Yesterday I went over to the
Pedal Nation show at the Oregon Convention Center. Mostly a bicycle trade show for the public, I nonetheless found a few items of interest that our shop might want to carry. What I didn't find very much of was my own excitement around bicycles and the bike industry. I walked through the entire show several times in two hours and in the end left feeling sort of underwhelmed and glad I hadn't actually paid to get in.

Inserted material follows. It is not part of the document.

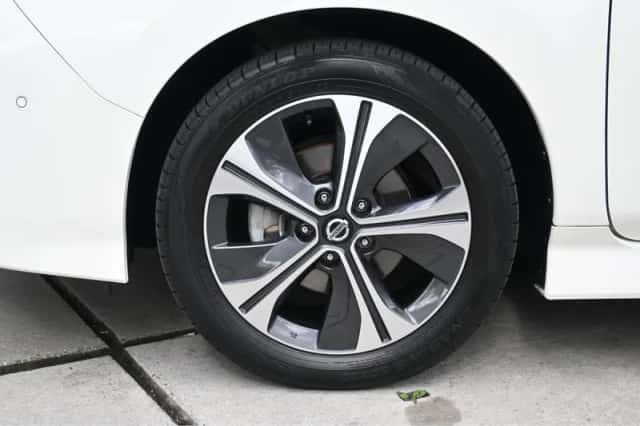 Nissan Leaf (2018) thumbnail 4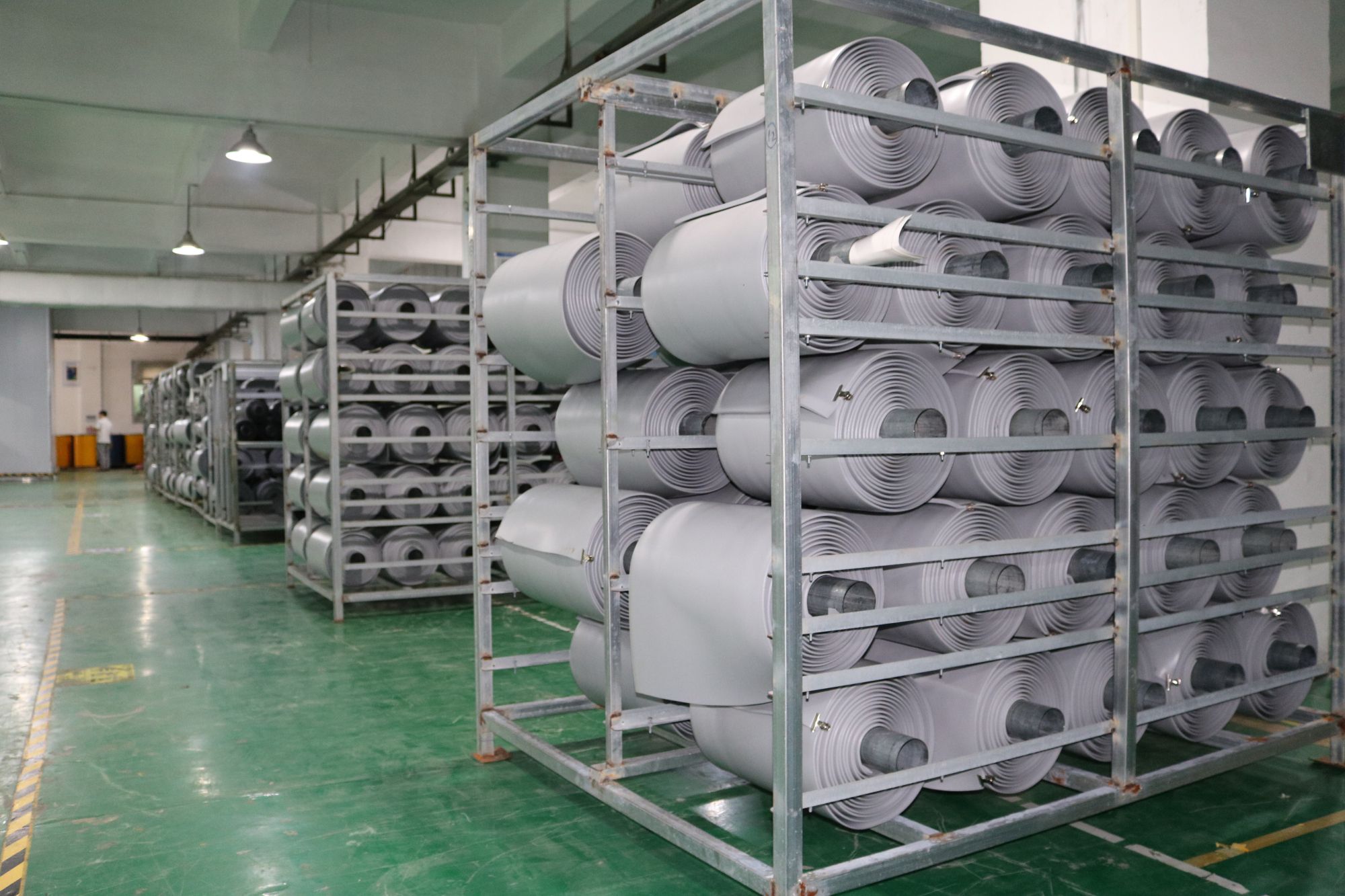 硅胶泡棉源头工厂名单解析 | 泡棉生产厂家如何选择优质供应商？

There were some lovely things on display: craft-built bikes of all shapes and sizes, some sharp-looking clothing designed to be comfortable on the bike and stylish enough to wear to a restaurant, and some interesting new technologies (including a hub with gradual, clickless shifting). I had brought some money in case I found something that caught my eye, but in the end I left without buying anything. I work in the industry, of course, so what could I possibly need at the show that I couldn't buy for cost-plus-ten at work -- or that I couldn't find a way to make myself out of repurposed materials? (Instead of selling bags of repurposed materials, why not teach classes so folks can learn to make their own stuff out of repurposed materials?)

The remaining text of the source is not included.